REl - 0600639-51.2020.6.21.0138 - Voto Relator(a) - Sessão: 30/11/2021 às 14:00

VOTO

Da Admissibilidade Recursal

O recurso é tempestivo, pois interposto dentro do tríduo legal, e preenche os demais pressupostos de admissibilidade, razão pela qual dele conheço.

Do Mérito

A sentença desaprovou as contas, sem determinar o recolhimento de quantias ao Tesouro Nacional, em razão da omissão de gastos eleitorais referentes à aquisição de combustível, no valor de R$ 329,01 (trezentos e vinte e nove reais e um centavo).

Nos autos, verifica-se a NF 50935 que demonstra o gasto de R$ 329,01 (trezentos e vinte e nove reais e um centavo) na troca de óleo e compra de combustível, na qual consta o CNPJ de campanha da candidata.

Ainda, conforme parecer conclusivo, a campanha foi inteiramente financiada com recursos privados.

A recorrente alegou erro no lançamento do CNPJ de campanha na NF, sustentando que deveria ter sido emitida contra o seu CPF, mas que, apesar do equívoco, não houve o dispêndio de receitas eleitorais no pagamento da compra.

Pois bem.

A legislação eleitoral preconiza que a emissão de nota fiscal para o CNPJ de campanha gera a presunção de existência da despesa, conforme preceitua o art. 60, caput, da Resolução TSE n. 23.607/19:

Art. 60. A comprovação dos gastos eleitorais deve ser feita por meio de documento fiscal idôneo emitido em nome dos candidatos e partidos políticos, sem emendas ou rasuras, devendo conter a data de emissão, a descrição detalhada, o valor da operação e a identificação do emitente e do destinatário ou dos contraentes pelo nome ou razão social, CPF ou CNPJ e endereço.

 

Da leitura do dispositivo depreende-se que, se há a nota fiscal, houve o gasto correspondente.

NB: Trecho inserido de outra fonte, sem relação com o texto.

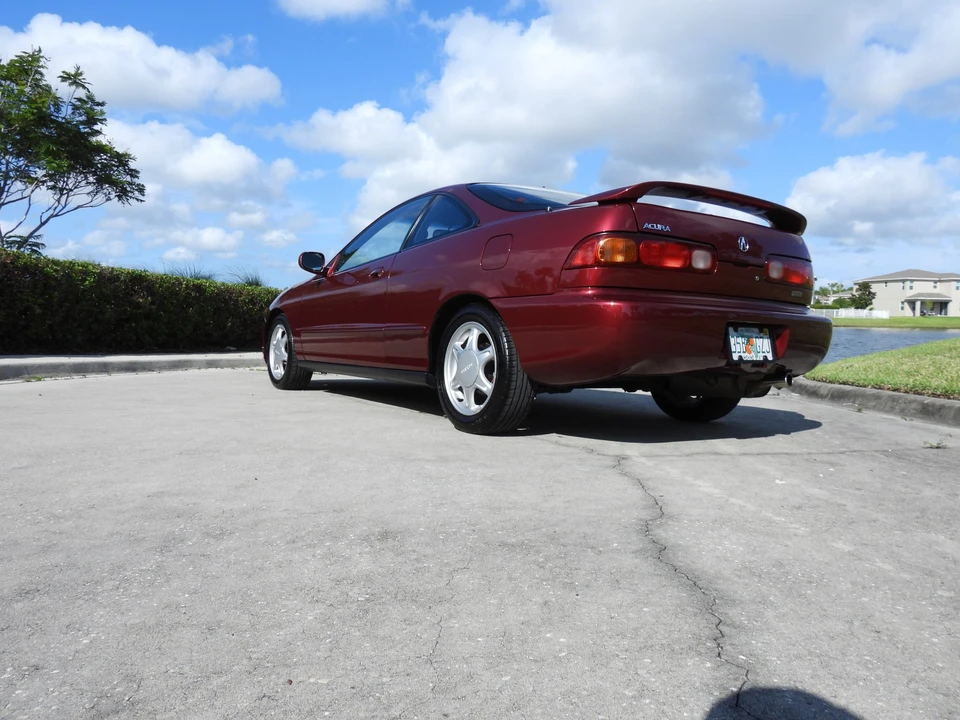1996 Acura Integra 3rd Gen - Image 22 of 31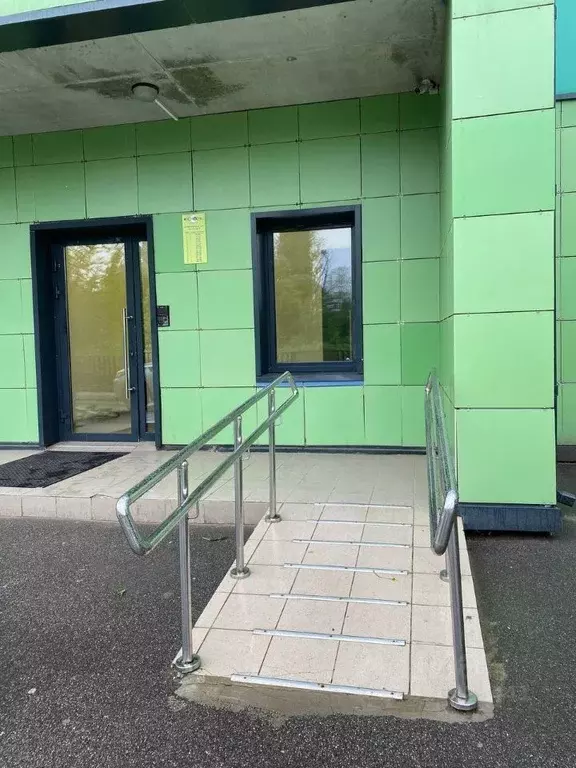 Студия Санкт-Петербург ул. Крыленко, 1к1с8 (22.7 м) - Фото 1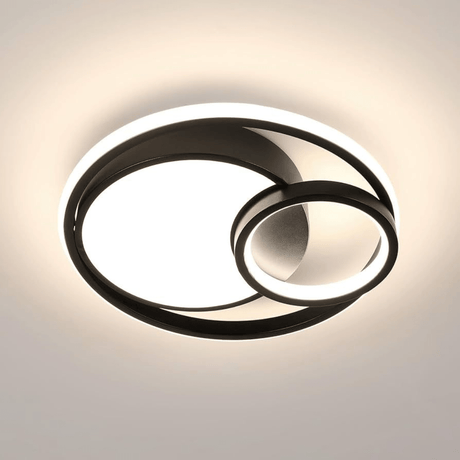 SM BuildPro Ceiling Lights Modern Eight-Shaped LED Ceiling Light - 36W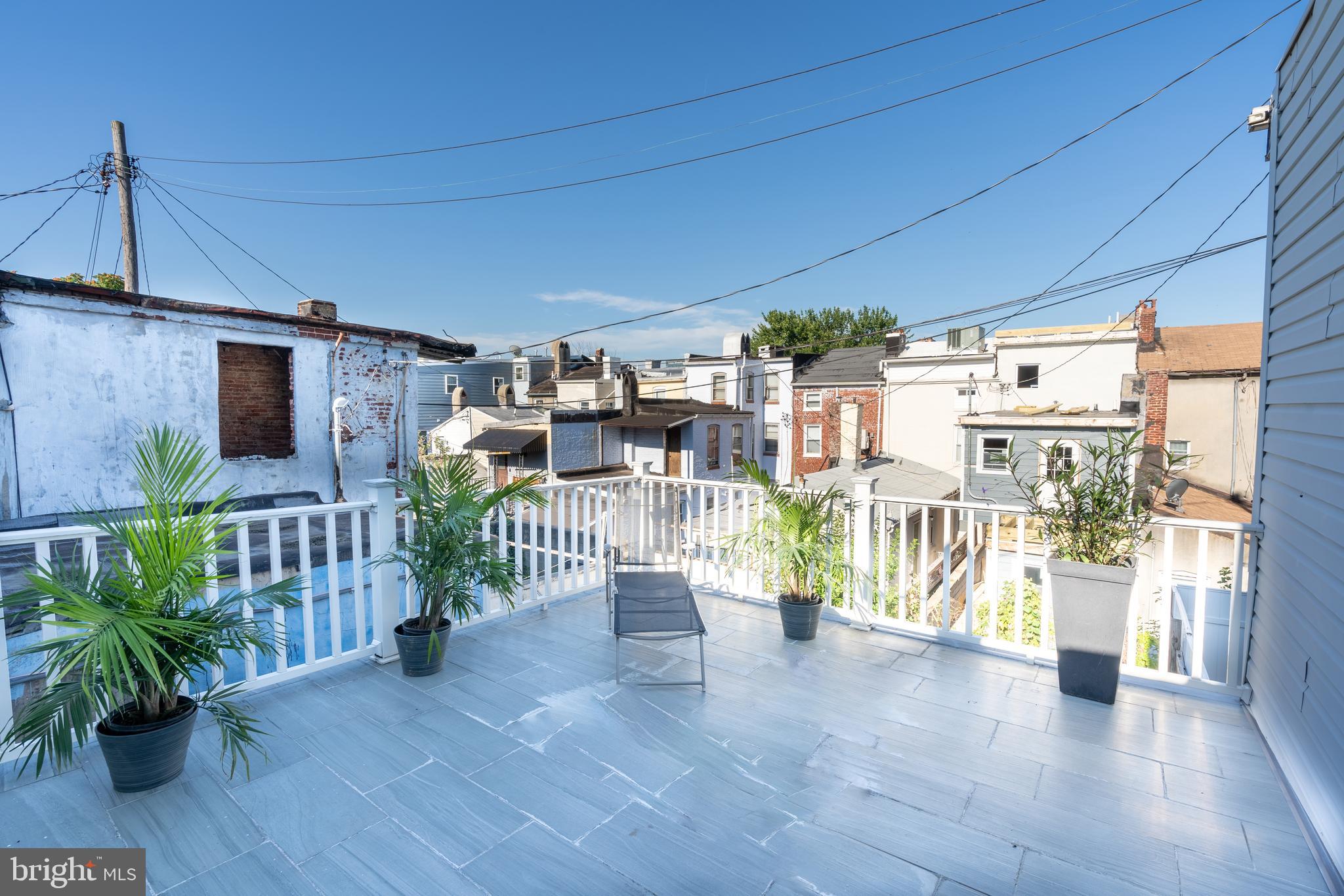 FELLS POINT HISTORIC DISTRICT - Residential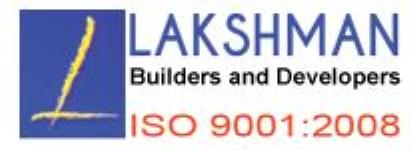 Lakshman Builders - Bangalore Image
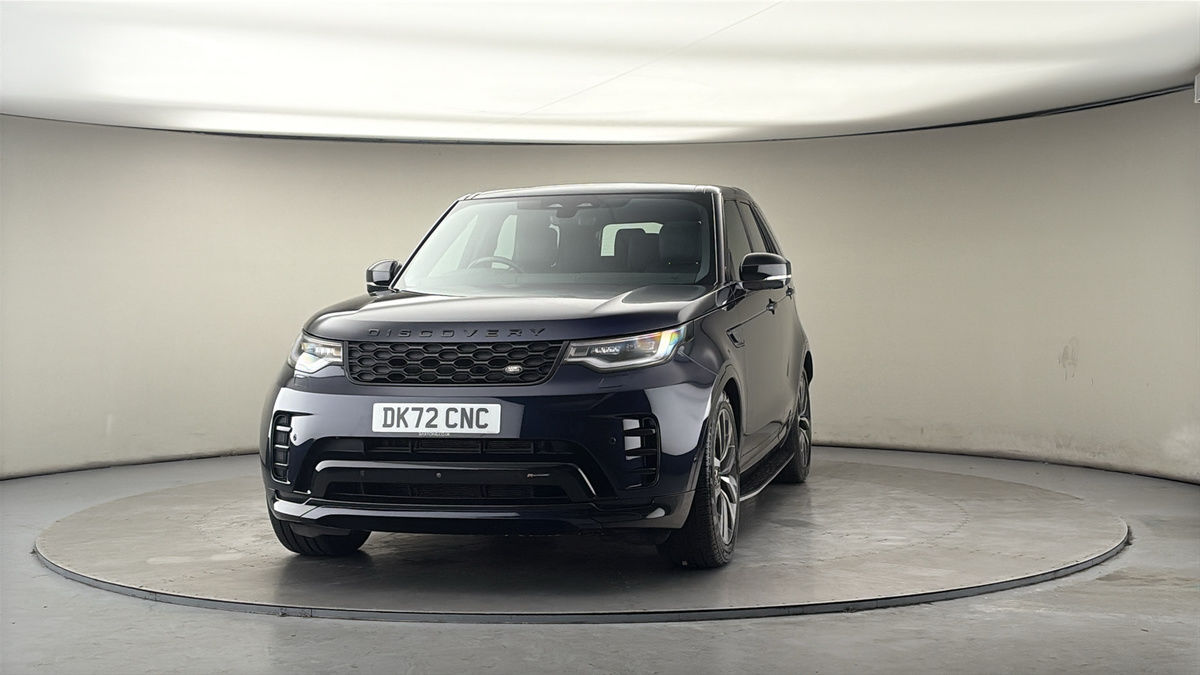 More views of Land Rover Discovery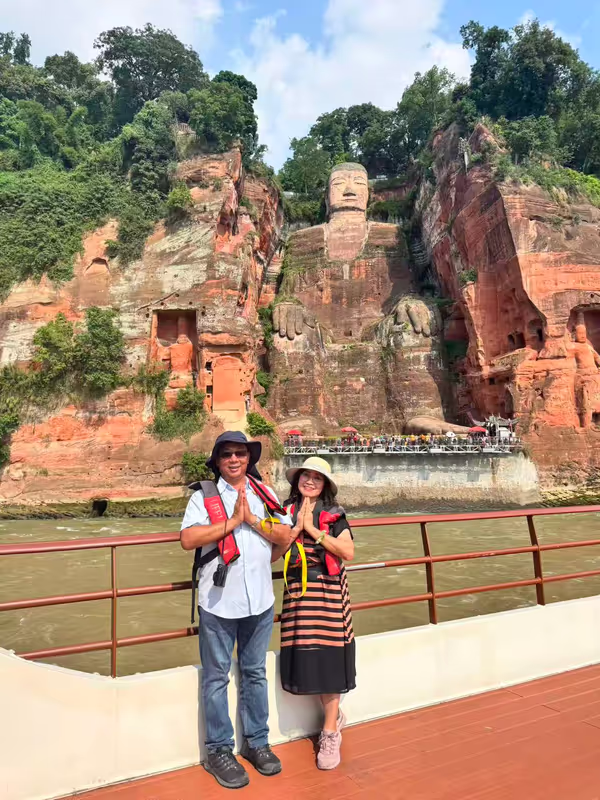 Chengdu Private Tour -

Nesse sentido, impõe-se ao candidato o dever de comprovar que o gasto eleitoral não ocorreu ou que ocorreu de forma regular.

Se o gasto não ocorreu ou se o candidato não reconhece a despesa, a nota fiscal deve ser cancelada, consoante estipula o art. 59 da Resolução TSE n. 23.607/19, e, em sequência, adotados os procedimentos previstos no art. 92, §§ 5º e 6º, da mesma Resolução, in verbis:

Art. 59. O cancelamento de documentos fiscais deve observar o disposto na legislação tributária, sob pena de ser considerado irregular.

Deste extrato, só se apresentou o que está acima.